Kao San road ended for me while struggling my way through the spiciest salad in Bangkok. Someone was supposed to come pick me up from the guesthouse, to take me to the bus headed for Singapore. A shifty-looking boy came inside, and asked where we were going. I said Singapore. He motioned for me to follow him. I took my backpack, hugged Jen and Dimple goodbye (who, at that stage, had no idea whether or not they were going to see me again, ever) and followed him. We headed through restaurants and boxing rings with primary school boys lifting weights, through dodgy alleys and past sleeping dogs. And finally, a busstop. Which is the point from where I sojourned, until I met up with Hernes 42 hours and 2 countries later.
Fuyu Yasumi (finally..)
Wednesday, January 10, 2007
In all fairness
Here are two highlights:
1) I bought some durian candy in Kuala Lumpur. Now, for those unfamiliar with the natural charms of Durian, it is said to smell like a good dose of vagina, and any respectable train, bus or hotel in Southern SE Asia will have a sign like this one:
Yah. It stinks.
So, rubbing my sweaty palms together in grinning glee, I bought three packs of durian candy and lugged it around for 2 weeks, all for the simple pleasure of seeing my school kids vomit in class.
I was not disappointed.
When I cracked open the bag in the san-nensei class, they ran to open the windows. Half of them dared to eat it, and started gag-reflexes while desperately clawing the air. My team-teaching partner wanted to fold over laughing, but he was too busy trying to get his vision back after taking his first bite of chewy durian. It was like the atom bomb had been dropped again. Only this time it smelled like gasoline (they said) and tasted like green onions. And they call it a fruit.
PS - my team-teacher refrained from eating any more candy during the next 2 classes, and said he wished he had a camera with which to capture the other classes' obvious pain when they too were introduced to Durian.

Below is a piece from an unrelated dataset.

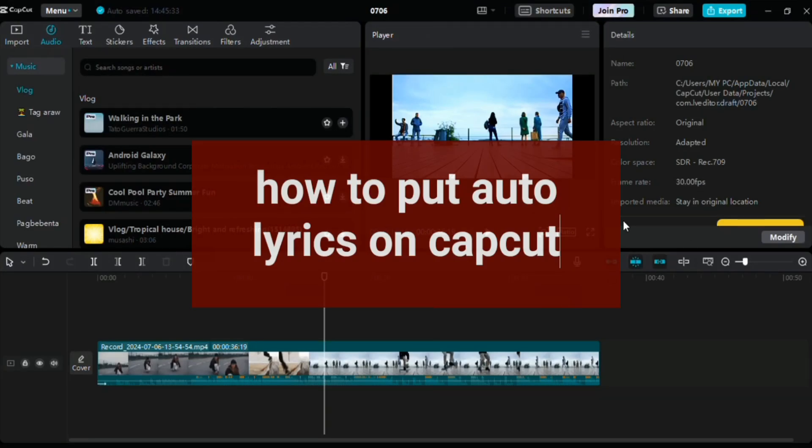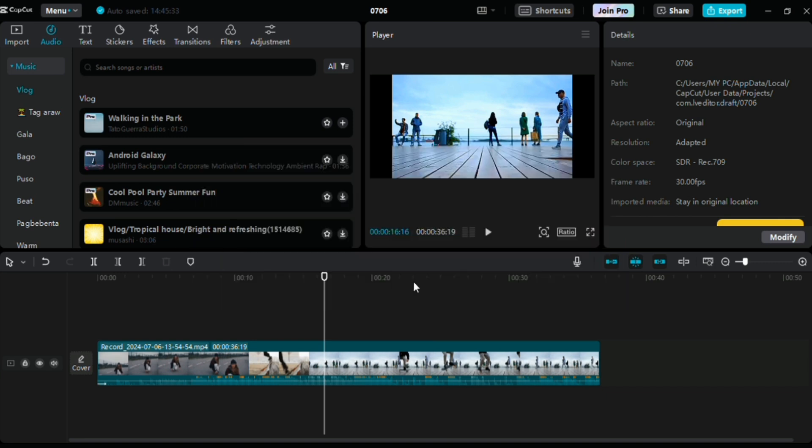Hey guys, welcome to Tech Trick Tutorials. In today's video I'm going to show you how to put auto lyrics on CapCut. Now with the help of AI, there's no way you could do this without AI because our lyrics has been a thing since AI has gone along.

2) I was trying to explain "New Years Resolutions" to 2 other teachers, failing horribly because I could not remember the English ("voornemens".. what the hell.. English.. uhh..). Trying to corss-reference from a Japanese word that they gave me (houfu), I flipped through my pocket dictionary and
there I spotted my memory card
The memory card that I thought I had crumpled up and threwn into Koh Tao's garbage
The memory card from the dead camera that I fed to the sea on New Years
The memory card that contains all my memory reminders up to 23h39 on the 31st of December 2006.
My trip to Thailand/Malaysia/Singapore has been resurrected. Brilliant.